Si può dire che lo slancio filantropico di Mons. Soldà – mirante a fini di elevazione spirituale, oltre che culturale – è stato anno dopo anno attualizzato dal fecondo apostolato delle Suore della Carità. Solo grazie al loro generoso impegno ed alla loro tenacia non si è mai spezzata – tranne che nei momenti di drammatica impossibilità – la continuità di un insegnamento sinceramente cristiano.

Scuola di vita e di fede, oltre che di istruzione e di cultura, il «Sacro Cuore» è stato nel suo secolo di attività un punto di riferimento prezioso per tante famiglie di Rovigo e della provincia.

Nel corso dei decenni la prerogativa dell’ospitalità propria del «convitto» è stata progressivamente ridimensionata. Questo ha permesso di far risaltare il carattere più vero e intimo dell’istituzione: quello di scuola cattolica aperta alle necessità educative della società in cui è inserita.

Sulla sua diffusione attuale nel sistema educativo cittadino basti pensare che son poco meno di 400 gli alunni che varcano quotidianamente la soglia del «Sacro Cuore», per distribuirsi nelle aule della Materna, delle Elementari, della Scuola Magistrale e del biennio di sperimentazione.

L’istituto «Sacro Cuore» tende idealmente la mano alle migliaia di Scuole Materne, Elementari e Medie di ispirazione cattolica oggi operanti in Italia. Esse costituiscono la quasi totalità del settore dell’istruzione pubblica non statale, che ammonta all’8% circa dell’intero apparato scolastico nazionale.

Dal punto di vista legislativo e finanziario lo Stato mortifica ingiustamente quanto irrazionalmente le scuole non statali. La perdurante mancanza della legge paritaria e l’inefficace applicazione delle leggi regionali per il diritto allo studio fanno ricadere sulle spalle delle famiglie l’onere del sostentamento degli istituti non statali. Ciò risulta tanto più grave e contraddittorio perché limita il diritto di tutti i genitori di formare i figli secondo modelli educativi in piena coerenza con i propri convincimenti morali e culturali.
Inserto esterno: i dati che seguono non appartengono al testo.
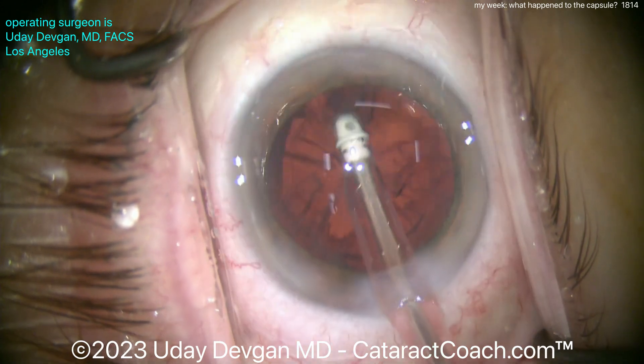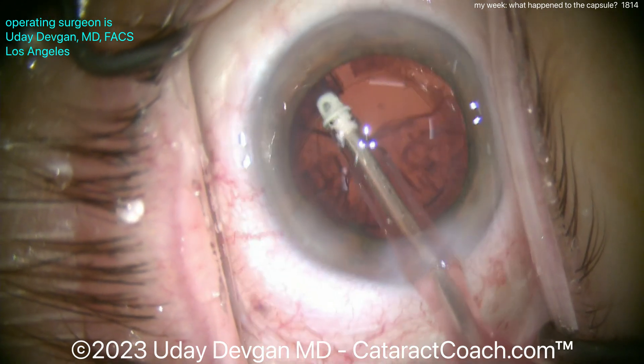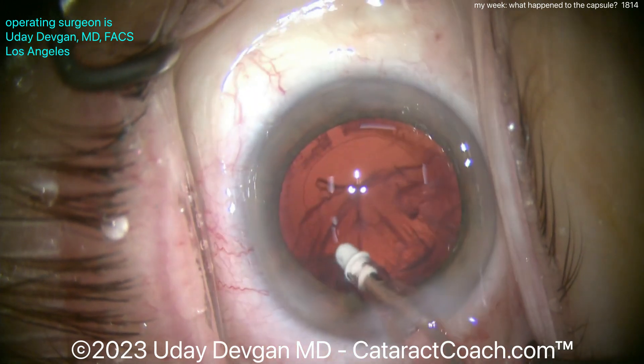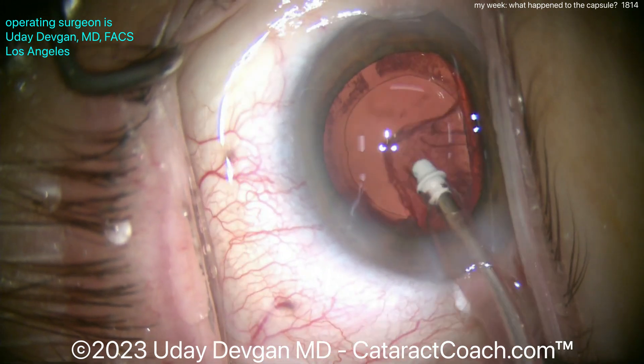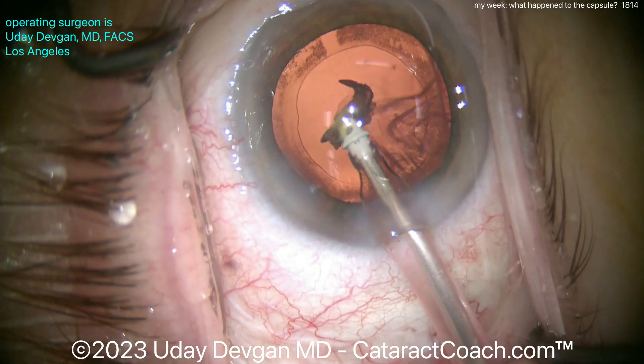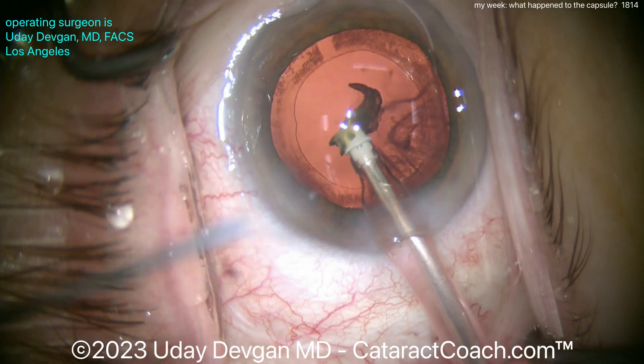Taking another piece of cortex and that looks pretty routine, coming up nicely. I'm looking at the rhexis edge — that seems pretty good. It's not moving around; I don't think there's any zonular weakness so far. Oh, a little bit of nuclear chip, so we can try to aspirate that with the I/A probe, maybe use a spatula to push it into the port.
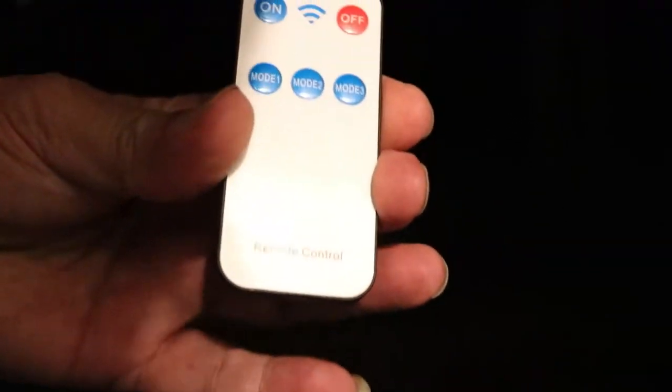You can set the mode to dim lighting. When activated, the light will go on.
Gli illibertari impedimenti legislativi, tanto più forti in un contesto societario in rapida evoluzione, si traducono in obbiettive difficoltà pratiche e gestionali, che condizionano pesantemente la crescita e la sopravvivenza stessa degli istituti non statali.

È un pericolo grave contro cui la comunità locale tutta, ma segnatamente quella cattolica, deve vigilare. Le scuole cattoliche sono presidi educativi e democratici. La loro «anima» consiste nel voler formare integralmente, cioè cristianamente l’uomo, dandogli una salda consapevolezza della sua libertà sociale e intellettuale. Sono un «bene» comune, dunque, che deve essere difeso e salvaguardato con il massimo impegno costruttivo di tutte le parti coinvolte.

Questa fondamentale preoccupazione affiora pressantemente oggi, al compirsi del centenario del «Sacro Cuore»: memori degli edificanti sacrifici e dei lusinghieri risultati di un secolo di storia, e consapevoli dei recenti travagli gestionali dell’istituto.

PIER LUIGI BAGATIN
Presidente provinciale dell’A.Ge.S.C.